SEBI tightens disclosure norms for listed firms
Capital markets regulator SEBI has tightened disclosure standards for listed companies with strict timelines and introduced criteria for determining the materiality of events.
The new framework will come into effect from July 15, Sebi said in a bulletin on Thursday. .
Under this framework, the regulator required the listed companies to disclose family settlement agreements, which could affect the management and control of these companies on the stock exchanges. These agreements must be disclosed within 12 hours if the listed entity is a party and within 24 hours if the listed entity is not a party.
Furthermore, for material events or information that emerges from the listed entity, including those related to acquisitions, arrangement plan, stock consolidation and stock repurchases, the disclosure timeline by the entity has been reduced from 24 hours to 12 hours.
For information from a decision made at a board meeting, disclosure must be made within 30 minutes of the closing of that meeting.
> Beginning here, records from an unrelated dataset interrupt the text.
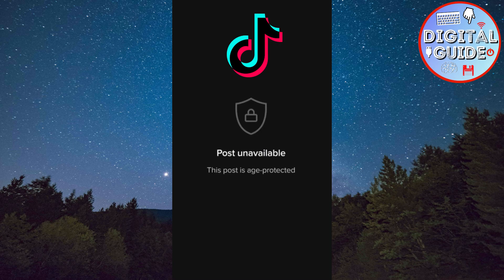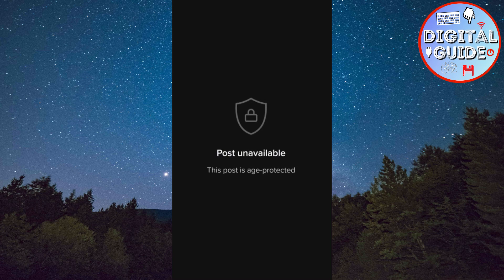Let's learn how to solve the post unavailable issue. This post is age-protected on TikTok. If you are facing this issue where you can't see certain posts and you get this message that the post is age-restricted, then follow this simple tutorial and let's resolve the issue.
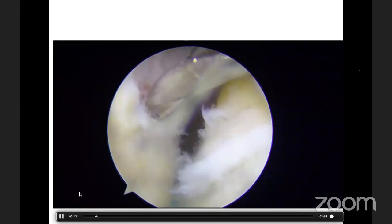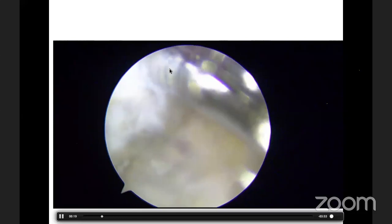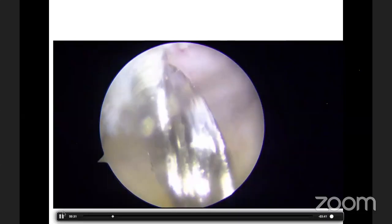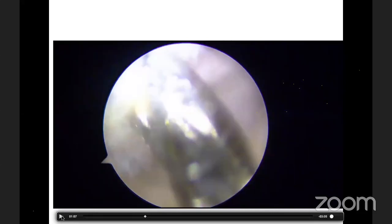Once the guide wire is passed, the accessory anteromedial portal is used for the femoral footprint. The ACL footprint was identified and the guide wire was passed. Then reaming of the lateral femoral condyle is done — this is the reamer used for reaming. You can see the depth and length of the femoral condyle with this reamer.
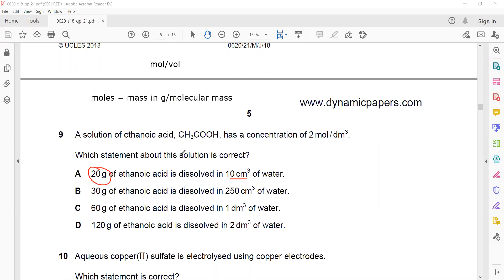We need to show which option gives a concentration of 2 mol/dm³. First, get the moles of ethanoic acid: mass divided by molar mass. The molar mass of ethanoic acid — two carbons: 12 × 2; two oxygens: 16 × 2; four hydrogens: 1 × 4. So 24 + 32 + 4 = 60 g/mol.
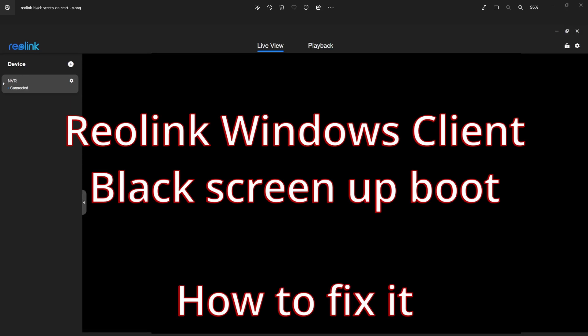Hello all, Andy here again. I've just updated my PC to a generation 13 i5 processor,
Besides, timelines are set for 24 hours from the occurrence of the event in the event that information is not issued from within the listed entity. This included a review of classification, fraud or default by a listed entity or its promoter or directors; Restructuring in respect of loans from banks, one-time settlement with a bank, liquidation petition filed by any party/creditors.
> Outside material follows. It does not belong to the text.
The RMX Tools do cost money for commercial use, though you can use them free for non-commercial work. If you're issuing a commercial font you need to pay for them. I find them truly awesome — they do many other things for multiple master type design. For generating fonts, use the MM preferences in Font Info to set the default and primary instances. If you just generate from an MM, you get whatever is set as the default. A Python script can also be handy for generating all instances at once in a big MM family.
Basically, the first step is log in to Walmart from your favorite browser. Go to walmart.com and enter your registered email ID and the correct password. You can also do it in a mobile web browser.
On the criteria for determining the materiality of events, SEBI said that one of the criteria is the omission of an event, the value or impact of which is expected to exceed in terms of value by less than 2 percent of the turnover, or 2 percent of the net value according to the latest audited consolidated financial statements or 5 percent of the The absolute average value of the profit or loss after tax, as per the three most recent audited consolidated financial statements of the listed entity.
Regarding guidance on disclosure under the LODR (List of Liabilities and Disclosure Requirements) rules, SEBI said events such as the decision to declare a dividend will be disclosed upon receipt of board approval.
She said that if a preliminary approval or a nod to explore (which is not final approval) was obtained by the company’s board of directors, the same would not require disclosure.